STMicroelectronics has further simplified development of advanced, energy-efficient motor drives on STM32 microcontrollers by harmonizing the latest STM32 PMSM FOC Software Development Kit with the STM32Cube ecosystem. The move extends opportunities for engineers to build sophisticated drives for equipment such as air conditioners, home appliances, drones, building automation, industrial machinery, medical devices, e-bikes, and many others, without needing specialized experience.
Building on previous generations of ST’s Field-Oriented Control of Permanent Magnet Synchronous Motors SDK, the new version 5.0 firmware libraries align with the STM32Cube Hardware Abstraction Layer and Low Level architectures, which eases development, customization, and debugging. In addition, free access to source code gives developers extra flexibility, control, and customizability.
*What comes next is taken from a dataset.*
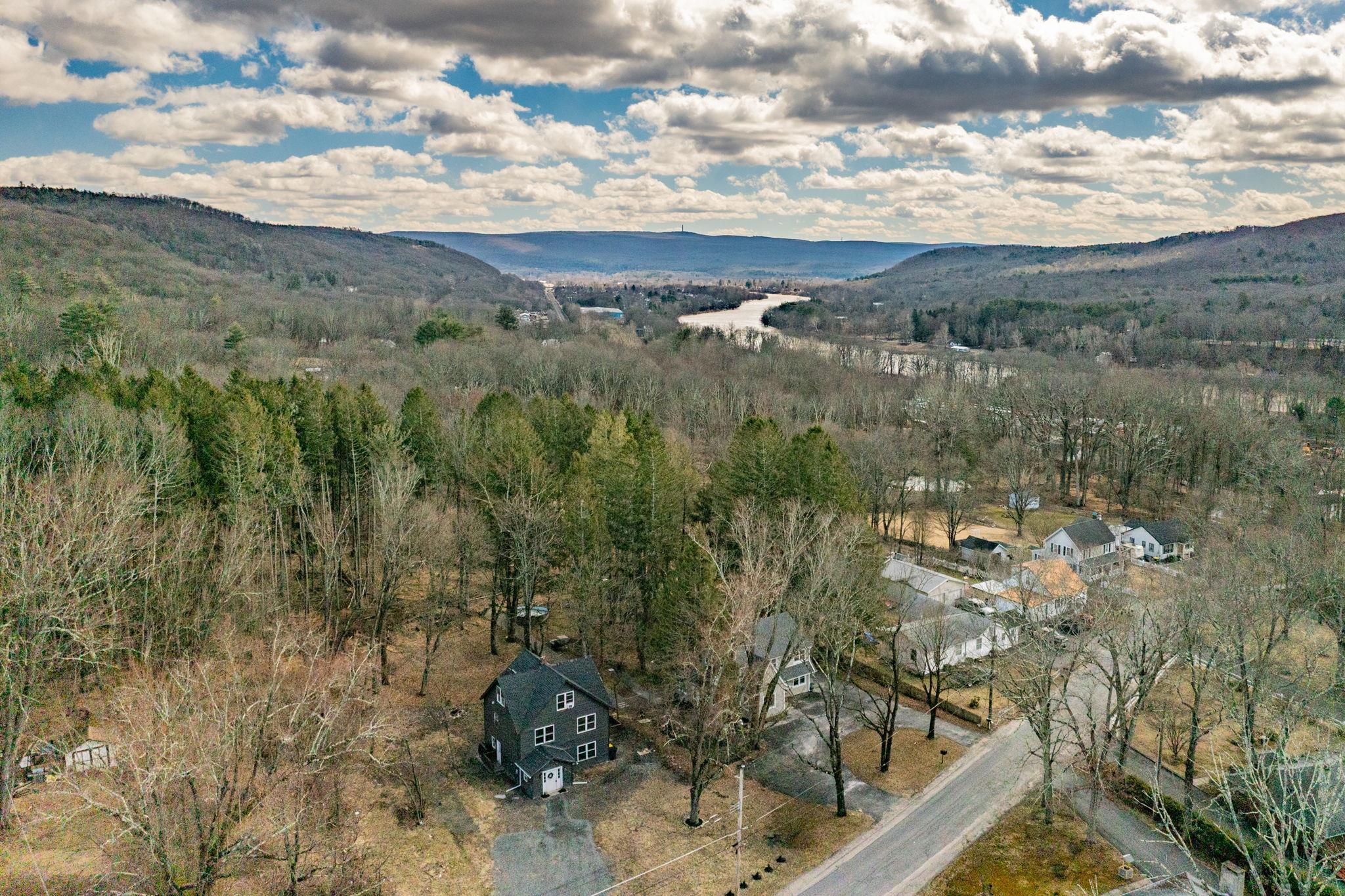 Single Family Academy  Orange County, NY 12780, MLS-832821-2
New with MC-Workbench version 5.0, the Graphical User Interface leverages the STM32CubeMX workflow to set up the project, configure microcontroller peripherals, and generate initialization code automatically. It also lets users monitor and change control loop parameters in real time, as they develop or debug their projects.
A rich selection of algorithms are included implementing popular PMSM-control techniques such as Maximum Torque Per Ampere to maximize efficiency and handle varying load conditions. Flux-Weakening control for extended speed range and feed-forward control for enhanced stability at high speeds are also included. Further features include “start-on-the-fly” to ensure smooth drive insertion when the rotor is already turning, which is often needed for outdoor fans such as in air conditioners or smoke extractors.
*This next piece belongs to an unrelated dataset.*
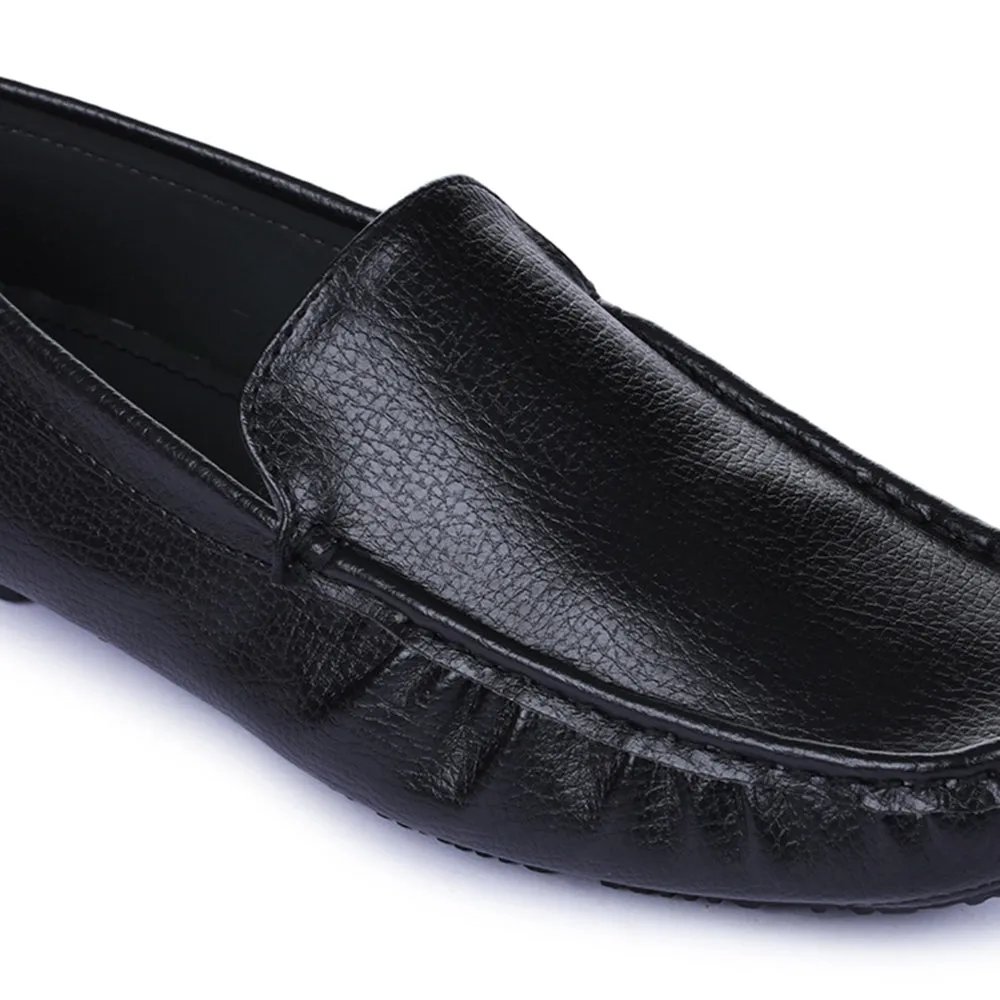 Gliders Black Casual Loafer Shoes For Men 2101-01 By Liberty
Users can take advantage of proven, powerful SDK features including the Motor Profiler, which helps characterize most aspects of a motor quickly by automatically detecting the electrical parameters (stator resistance (Rs), inductance (Ls), and motor-voltage constant (Ke)), as well as mechanical friction and inertia. A variety of flexible motor-control strategies are also supported, including current sensing with single- or triple-shunt or isolated current sensors (ICS), rotor-position detection using encoder or Hall sensors, or sensorless control. The SDK also supports dual-motor applications, leveraging the rich analog features and multiple motor-control timers integrated in many STM32 variants.